One of the curious things about writing is that we often get to write about dead people.
By that I don't mean the living dead, or vampires (though they take up a lot of fictional space on the shelf), but real human beings who once existed. Who walked in the real world. Who were loved or hated, held or rejected. Our interactions, our love, our frustrations with the people who once breathed the same air as us cannot help but have an influence on our writing. And that influence, that presence, allows us to draw inspiration from them and to honour them (or, if they were not the most pleasant of souls, at least recreate how they walked in the world).
When a friend or a family member has lost someone dear one of the kindest gifts we can give is to say the names of the dead. Often something simple will suffice. "I remember how much Tim enjoyed laughing." Or "Shelly had a real knack for finding the right word and the right time." Why is it important to say their names? Because for those few moments for the listener it will feel as if that person is still alive. By saying a name we essentially say, "Yes, he existed--yes, she was here on this earth." It is a way of paying honour. That's why we put names on gravestones. As long as the person is named and not forgotten, in some small way that person still exists.

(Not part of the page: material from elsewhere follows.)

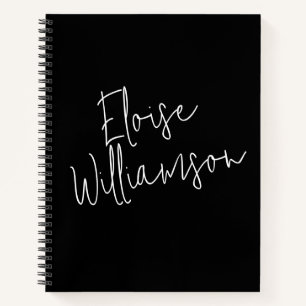 Carnet Calligraphie de script moderne Nom personnalisé si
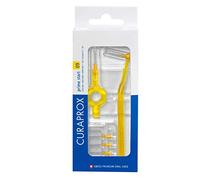 Curaprox, set de cepillos interdentales CPS 09 prime start, set de iniciación con 5 cepillos, 2 soportes diferentes, amarillo, 0,9 mm de diámetro, 4 mm de eficacia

Writing can be another way of naming the dead. I could not have written
Megiddo's Shadow, a world war one novel, without being moved by all the deaths I'd read about in my research. But I drew most of the inspiration from the death of my own great uncle Percy, who was killed a short time before the end of the war. His death still ripples across the shared memories of my family. His photograph is on the wall in my parent's home, beside the letter that was written by his sergeant to say that Percy had been killed in action. We name Percy every Remembrance day. We honour who he was. Obviously I never knew Percy since he died a long time before I was born. But we have spoken his name enough times that he is alive in my family's shared memory. It is that loss, both the imagined and real, that helped compel me to write the novel.

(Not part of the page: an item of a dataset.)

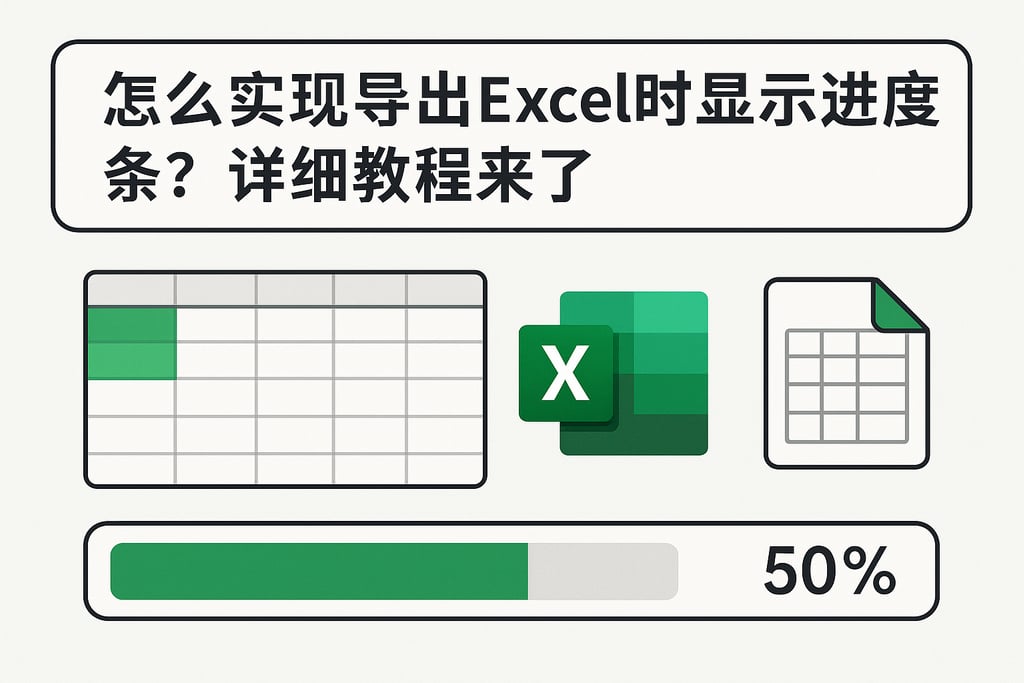 怎么实现导出Excel时显示进度条？详细教程来了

David, my eldest brother, was killed in a car accident in 1980. Though I never want to draw direct lines between real life and my fiction, I do know that the loss that Robert feels when his brother Matthew disappears in
Dust is echoed in my experience of loss. As is the loss Edward feels when his brother Hector is killed in
Megiddo's Shadow. All of that is echoed. My daughter, Tori, who died in 2008 due to complications from Leukaemia, had Down Syndrome. Her presence in my life had been one of several things that inspired me to create
The Hunchback Assignments, a book with a hero who had a handicap. I don't know that I would have been able to approach that story without knowing what her world was like and how the outside world often reacts to those who have a disability. Of course, the book itself is not about her. But as writers we can't help but draw on the knowledge and experience we gain from the real world. And by this I don't mean we have to recreate the person we loved (though I did, for my own purposes, place my own version of my grandfather briefly in
Megiddo's Shadow).
Of course, you never want your writing to become a rote story, a lesson to the world. We should always be loyal to the story first. Instead use that knowledge and emotion you've experienced in your loss to make the world of your writing a deeper and richer place. Take that emotion and let it be the engine of the new worlds, new characters you want to create.
We should never be afraid to name the dead.